Online Mirror Descent

In this blog post, we introduce OMD and state an upperbound for its regret. Using this upperbound, we analyze the regret of the algorithm we proposed in our previous blog.
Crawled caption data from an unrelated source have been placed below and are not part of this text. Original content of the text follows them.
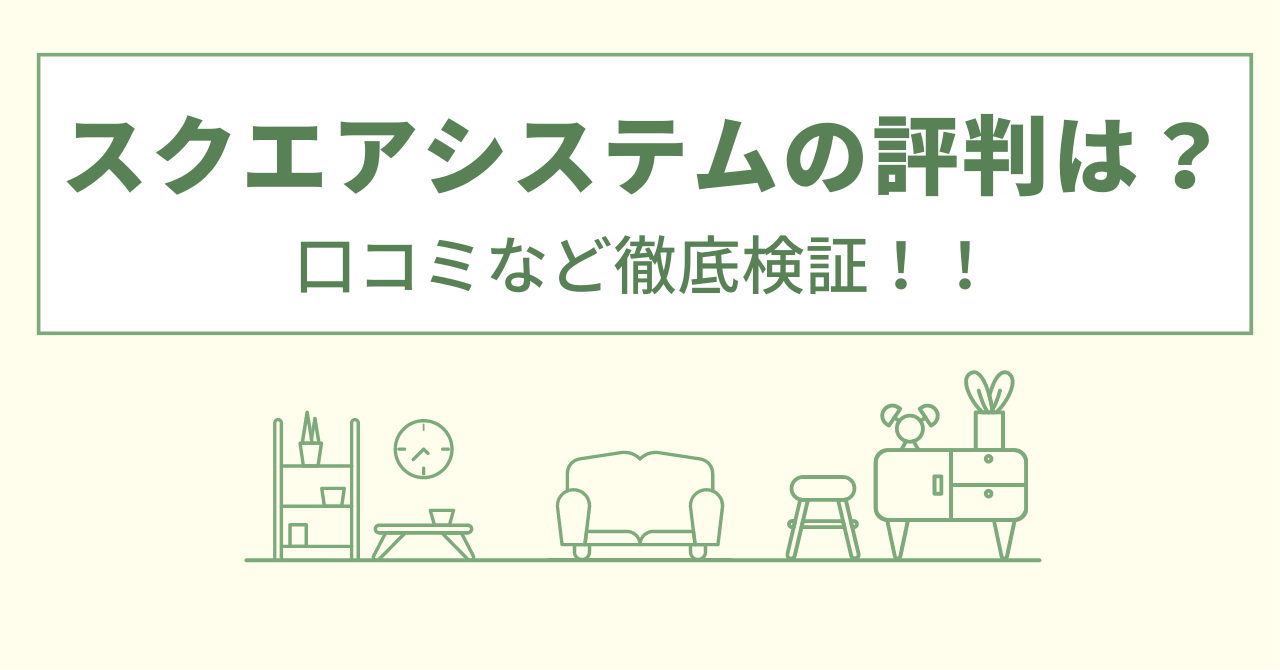 有限会社スクエアシステムの評判は？口コミを徹底検証！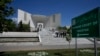 Critics concerned as Pakistan parliament moves to pick new chief justice 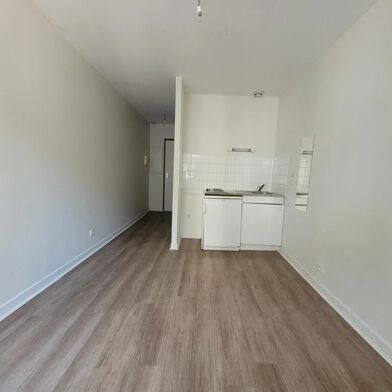 Appartement 1 pièce 17 m²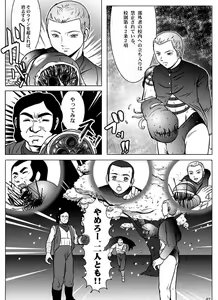 Page 43 of Goro Mask - kz1e - preview thumbnail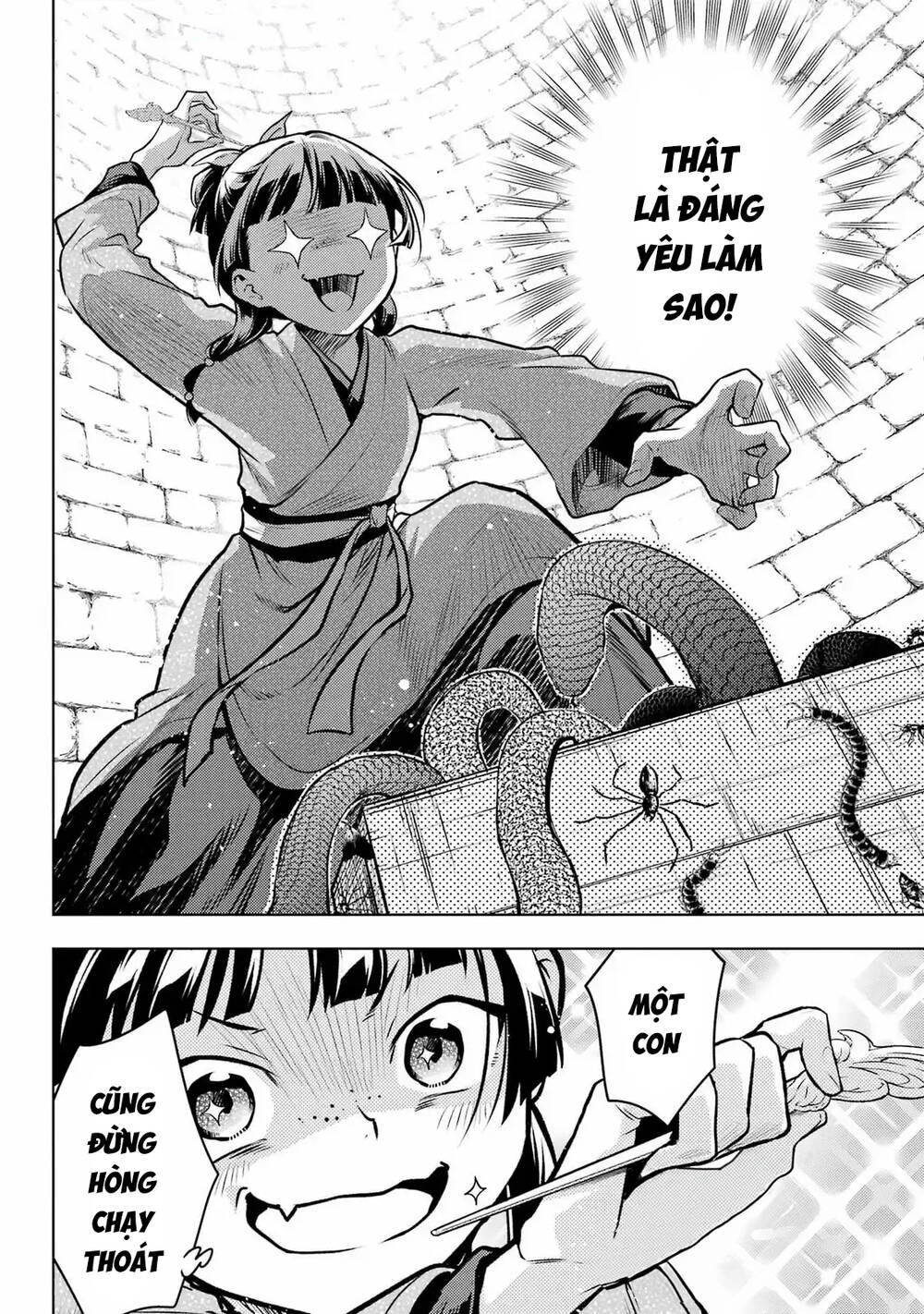 Độc thoại của người dược sĩ - Chapter 79.2 - Page 19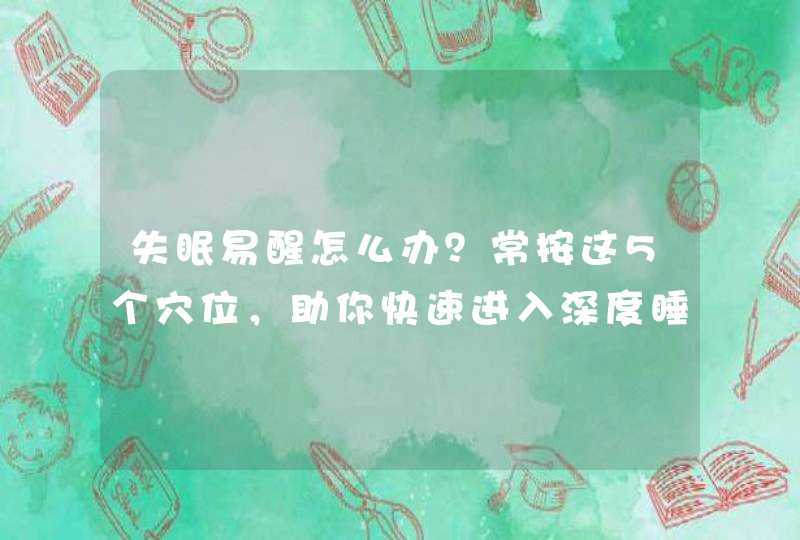 失眠易醒怎么办？常按这5个穴位，助你快速进入深度睡眠,第1张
OMD can also be thought of as a game between a player and an adversary which proceeds as follows:

  1. For \(t=1...T\)
    1. Player chooses a point \(x_t\) from a convex set \(\mathcal{K}\)
    2. The adversary simultaneously reveals a convex function \(f_t\) to the player.
    3. The player suffers the loss \(f_t(x_t)\)

Like before, the goal of the player is to minimize the regret:

\[\sum_{t=1}^T f_t(x_t) - \min_{x^\star \in \mathcal{K}}\sum_{t=1}^T f_t(x^\star)\]

To understand OMD, we need to introduce Bregman Divergences and Fenchel Conjugates.

Bregman Divergence

Let \(R(x)\) be a convex function. The Bregman Divergence \(D_R(x\|y)\) is:

\[D_R(x\|y) = R(x)-R(y)-\langle \nabla R(y),x-y\rangle\]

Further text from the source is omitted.